CORVALLIS, Ore. - The bacterial communities that live inside everyone are quite similar and stable when times are good, but when stress enters the equation, those communities can react very differently from person to person.
A microbiological version of the "Anna Karenina principle," it's a new paradigm suggested by scientists at Oregon State University -- one that has key implications for a more personalized approach to antibiotic therapy, management of chronic diseases and other aspects of medical care.
The principle gets its name from the opening line of the novel "Anna Karenina" by 19th century Russian author Leo Tolstoy: "All happy families are alike; each unhappy family is unhappy in its own way."
It turns out that this observation also applies to perturbed microbiotas of humans and animals.
"When microbiologists have looked at how microbiomes change when their hosts are stressed from any number of factors - -temperature, smoking, diabetes, for example -- they've tended to assume directional and predictive changes in the community," said Rebecca Vega Thurber, corresponding author on the perspective study funded by the National Science Foundation. "After tracking many datasets of our own we never seemed to find this pattern but rather a distinct one where microbiomes actually change in a stochastic, or random, way."
Findings were published today in Nature Microbiology.
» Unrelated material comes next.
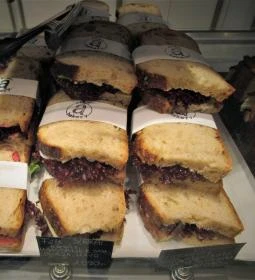 Arán Bakery - Móricz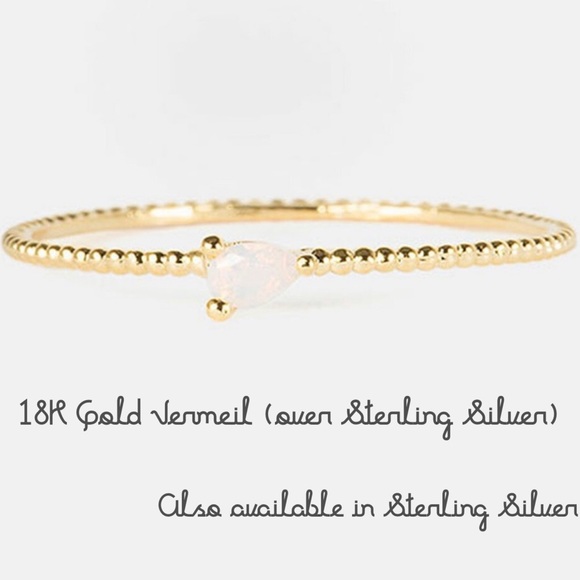 Dainty Gold Dot Band with Tiny Pair-Cut Opal Stone-sz 6 or 7 only- Boutique - Picture 1 of 7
Lead author Jesse Zaneveld of the University of Washington-Bothell collaborated with Vega Thurber and her student, Ryan McMinds, to survey the literature on microbial changes caused by perturbation. Together they found those stochastic changes to be a common occurrence, but one that researchers have tended to discard as "noise" rather than report.
"Thus we present the Anna Karenina principle for microbiomes," Vega Thurber said. "When microbiomes are happy they are all similar in their composition but during stress or unhappiness they change in a multitude of distinct ways. This piece draws together diverse microbiome research. We think this is an important emerging paradigm for thinking about microbiome data. We present ways of identifying it and distinguishing it from other patterns."
In addition to the literary reference, Vega Thurber offers a wintry metaphor to explain what she and her collaborators have discovered.
"When healthy our microbiomes look alike, but when stressed each one of us has our own microbial snowflake," she said. "You or I could be put under the same stress, and our microbiomes will respond in different ways - that's a very important facet to consider for managing approaches to personalized medicine. Stressors like antibiotics or diabetes can cause different people's microbiomes to react in very different ways."
Humans and animals are filled with symbiotic communities of microorganisms that often fill key roles in normal physiological function and also influence susceptibility to disease. Predicting how these communities of organisms respond to perturbations -- anything that alters the systems' function -- is one of microbiologists' essential challenges.
Studies of microbiome dynamics have typically looked for patterns that shift microbiomes from a healthy stable state to a dysbiotic stable state; dysbiosis refers to the microbial communities being out of their natural balance, which can result in the interruption of basic biological functions for the host person or animal.
"The Anna Karenina principle is a complementary alternative," Vega Thurber said. "The changes induced by many perturbations lead to transitions from stable to unstable community states -- dysbiotic individuals vary more in microbial community composition than healthy individuals."
Scientists found patterns consistent with Anna Karenina effects in a range of systems, from corals exposed to above-average temperatures to the lungs of smokers to patients suffering from HIV/AIDS.
"Our message to researchers is, don't throw out these observations as noise, but include this principle in the microbiome pipelines and software so that scientists can press a button that gives you the answer to, 'Do I see the Anna Karenina principle in the dataset,'" Vega Thurber said.
OSU researchers have already given multiple presentations on the principle and it's been well received in the microbiology community, Vega Thurber said.